Start of Block

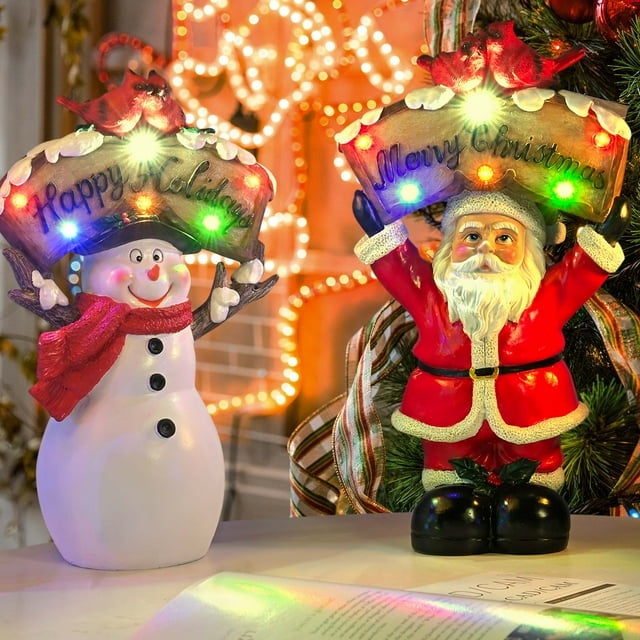Yescom Christmas Tabletop Decoration Snowman & Santa Claus Christmas Theme Wedding Home Party Tabletop Decoration 2Packs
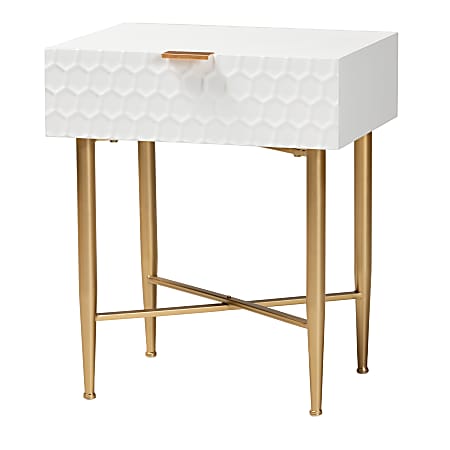 Baxton Studio Marcin 1-Drawer Nightstand, 24"H x 20-1/8"W x 15-3/4"D, White/Gold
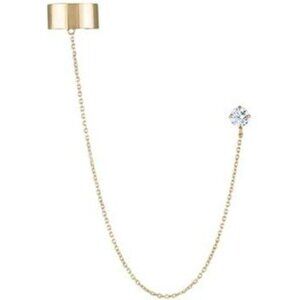 14 KT YG Solid Ear cuff with chain and Dainty CZ stud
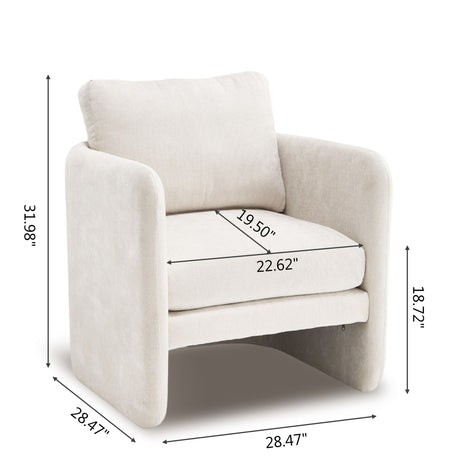 Armchair With Low Profile Curved Frame - Beige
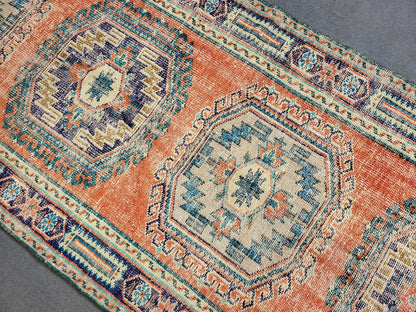 Distressed Runner Rug Vintage 4.2 x 10.9 Turkish Runner Rug Vintage Runner Rug Handmade Runner Rug Kitchen Runner Rug Persian Runner Rug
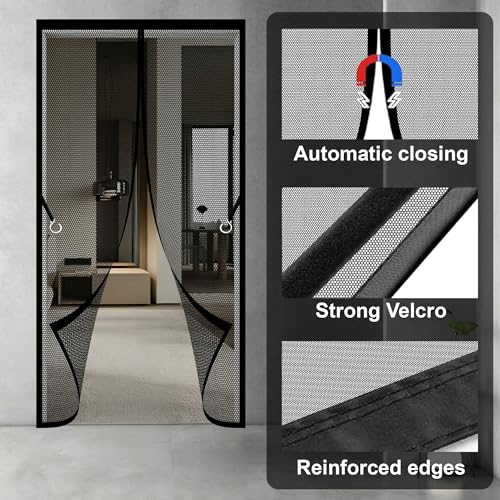Moustiquaire de porte aimantée 96x266 cm rideau noir anti-moustique sans aucun perçage - 5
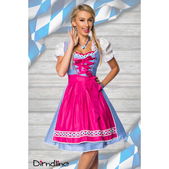 Traditionele Karodirndl roze/blauw geruit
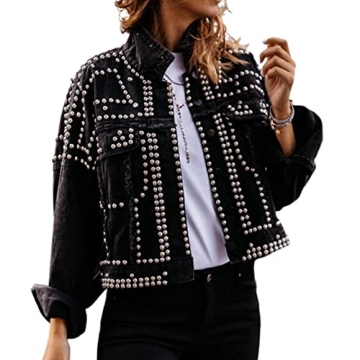 APAFES Women's Fashion Crop Fringe Denim Jacket – Retro Style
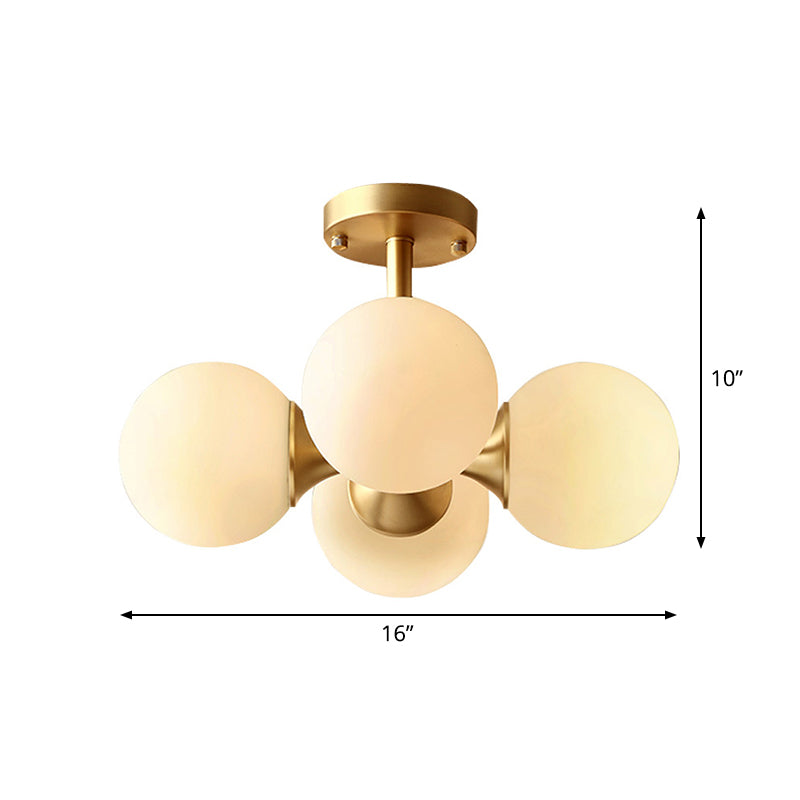 Ball Kitchen Ceiling Mount Light Opaline Glass 4 Bulbs Postmodern Semi Flush Light Fixture in Gold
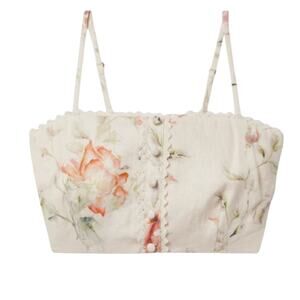 LoveShackFancy Emmalou cropped crochet trimmed floral print linen top size 6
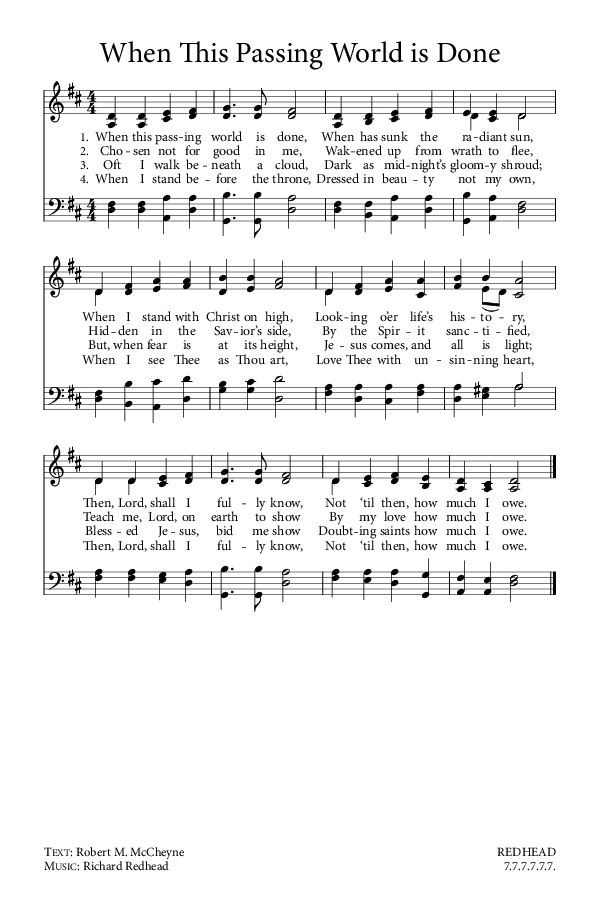 Preview of Hymn download for When This Passing World is Done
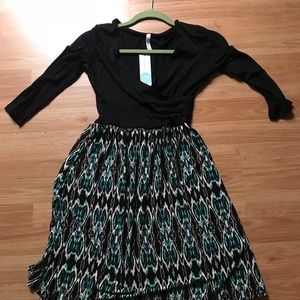 Black and patterned work dress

End of Block

◆ What the task asks ◆
What the answer needs is every line from the one with "LoveShackFancy Emmalou cropped" through the last line of the data, reproduced word for word and with pictures omitted.

◆ Exercise output ◆
 LoveShackFancy Emmalou cropped crochet trimmed floral print linen top size 6
 Preview of Hymn download for When This Passing World is Done
 Black and patterned work dress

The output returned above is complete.